They left the camp for displaced people towards Sonora, where in Altar, they found a smuggler who would take them through the Arizona desert.

The smuggler separated Aurelio from his two Indigenous Tzotzile friends from Chiapas and put him with another group of migrants through the desert.

“At 3:30 a.m. on Wednesday, May 4, 2022, we received a call from our colleague Aurelio Cruz López who was fleeing migration and was lost and did not know where his other colleagues were,” says Perez.

And around eight o'clock on Thursday morning, he sent a voice recording to Onesimo and Maximiliano telling them that he had met up with one of his migrant companions, but that they had run out of supplies (water and food). Even so, they would continue walking in the desert until they reached their destination. 

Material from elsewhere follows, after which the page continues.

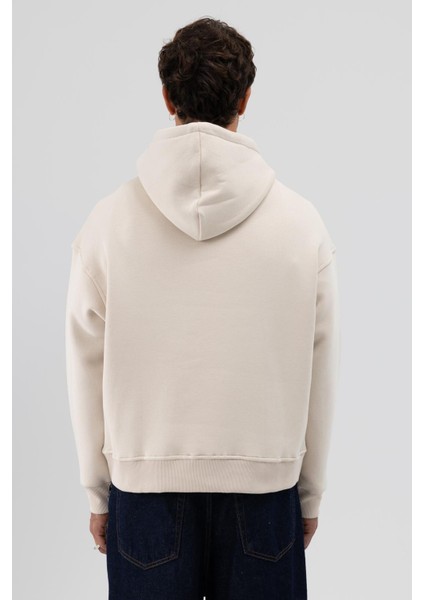 Basic Kapüşonlu Boxy Fit Sweatshirt Taş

Around 4:30 p.m. on Thursday, May 5, they received a call from a male person informing them that Aurelio Cruz López “could not stand the walk and passed out in the desert two kilometers from reaching a highway.”

The companions with whom he was crossing the Arizona desert took a photograph of Aurelio passed out and sent it to his two companions who had arranged to pass in a different group.

“To date, our brother is missing, we still don't know anything about him. We know that the two young people are unofficially in the North American migration facilities,” says Perez, the Indigenous defense attorney for the displaced.

Perez points out that they have requested support or help from the state government, but have not yet received any response and that "the lack of will, the conditions imposed by the government, the policy of attrition implemented by them on our relocation issue, has forced our young peers to make life-threatening decisions.”

He called on the federal government to help them locate Aurelio Cruz López through the Ministry of Foreign Affairs.

In the same way, he asked for the support of solidarity rescuers and US migration groups so that they provide timely support to the two detainees and that Aurelio Cruz López be located to find out if he is alive or not, after the fainting he suffered in the Arizona desert.